Saturday, 6 February 2010

Assignment 1A

This assignment involved us having to read chapter 4 of the book, The Culture of Design by Guy Julier. This I have to admit is one of the annoying books I have ever read, I don't mean this as though it is not a good book as it raises a lot of good points, but feel that it is just so hard to take in, it took a few attempts re-reading the same chapter over and over before it even started to sink in. So many apologies in case this is a bit of a rant and doesn't make any sense as I have tried to understand it the best that I could.

So on chapter 4 the consumption of design. There were a few theories in this that I found very interesting but one that caught my eye the most and made more sense to me and this was the section Passive or Sovereign Consumers? This was a section that was all about the manipulation of branding and consumer demand, companies try to give their own products an edge so that consumers will stay within that brand when upgrading, this allows the steady sale of products keeping the company at high profits and ahead of it competitors within the same range of products.

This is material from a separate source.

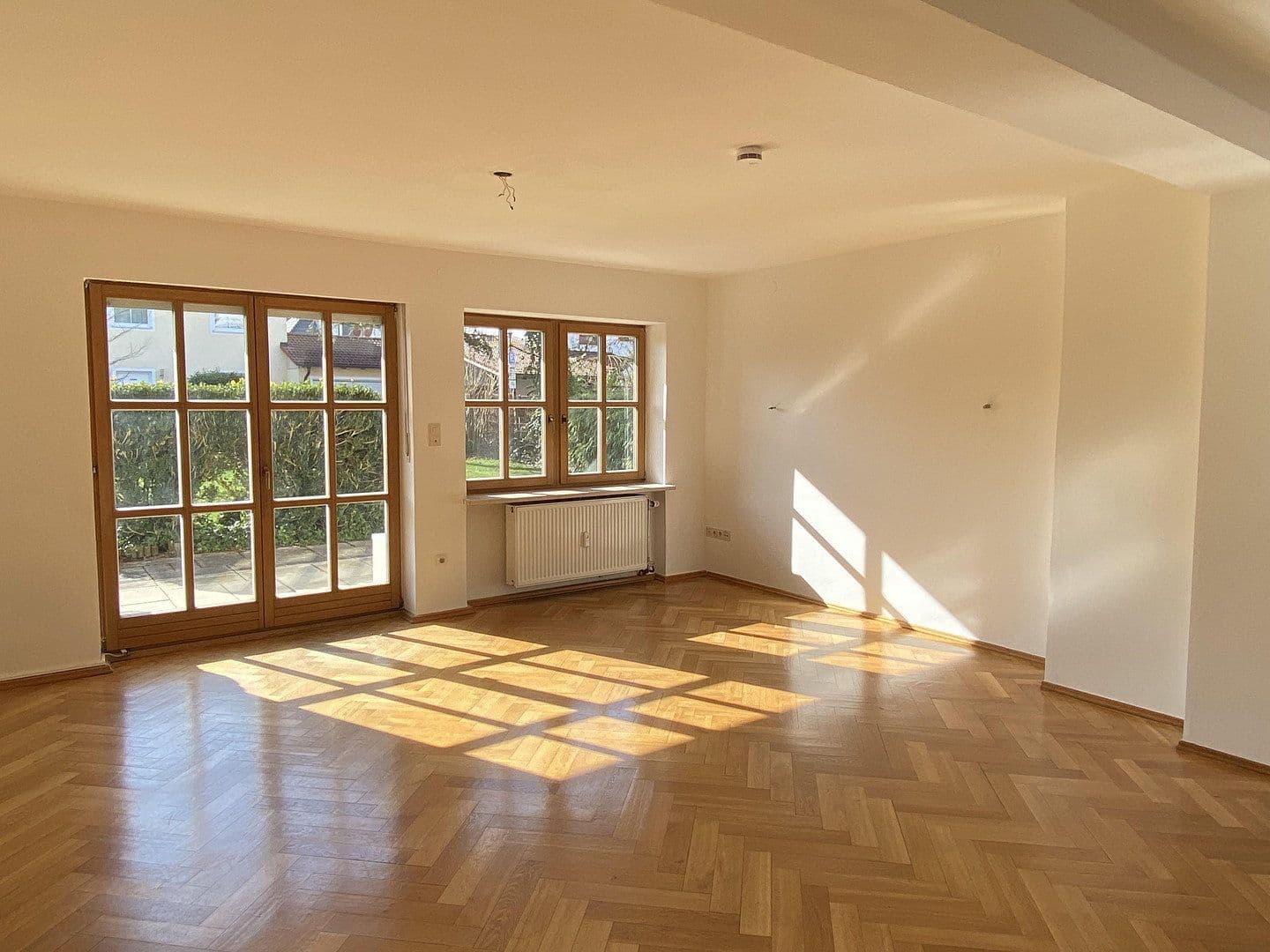 Prenájom bytu 3-izbový 98 m², Neufahrn b. Freising, Bavorsko Prenájom bytu 3-izbový 98 m², Neufahrn b. Freising, Bavorsko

This relates to designers in advertising and I can relate to this as well as a student as it would be my job to help promote the products, it is a designers job to increase product demand as well as keep sales steady. By doing this would require proper promotion of the products that have the typical trademark of the company. This would be done through t.v advertising, and also within a products packaging, this itself would also need to have the quality that the company has kept with in the past allowing consumers to keep the trust they have with them and recognize anything they produce if and whenever an item is upgraded.

The manipulation theory sort of explains that advertising helps brand loyalty so that consumers buy within the range of products produced by the same manufacturer, but if it is done in the wrong way people would abandon this current brand and choose another more reliable manufacture who has a reliable quality of products. This is known as a 'brand ladder'.

The writer also states that at the opposite end of the manipulation theory is the notion of 'consumer sovereignty' which basically flips the theory around and that companies must meet the standards of the consumer rather than the consumer meeting the standards of the product. What the consumer doesn't like the consumer will not buy, so there is a high demand for companies in a designer to keep up to date and ahead of others to produce something the consumer expects from the company. J.K. Galbraith is basically saying that over producing is creating a service that is not required and has nothing to do with the product through advertising.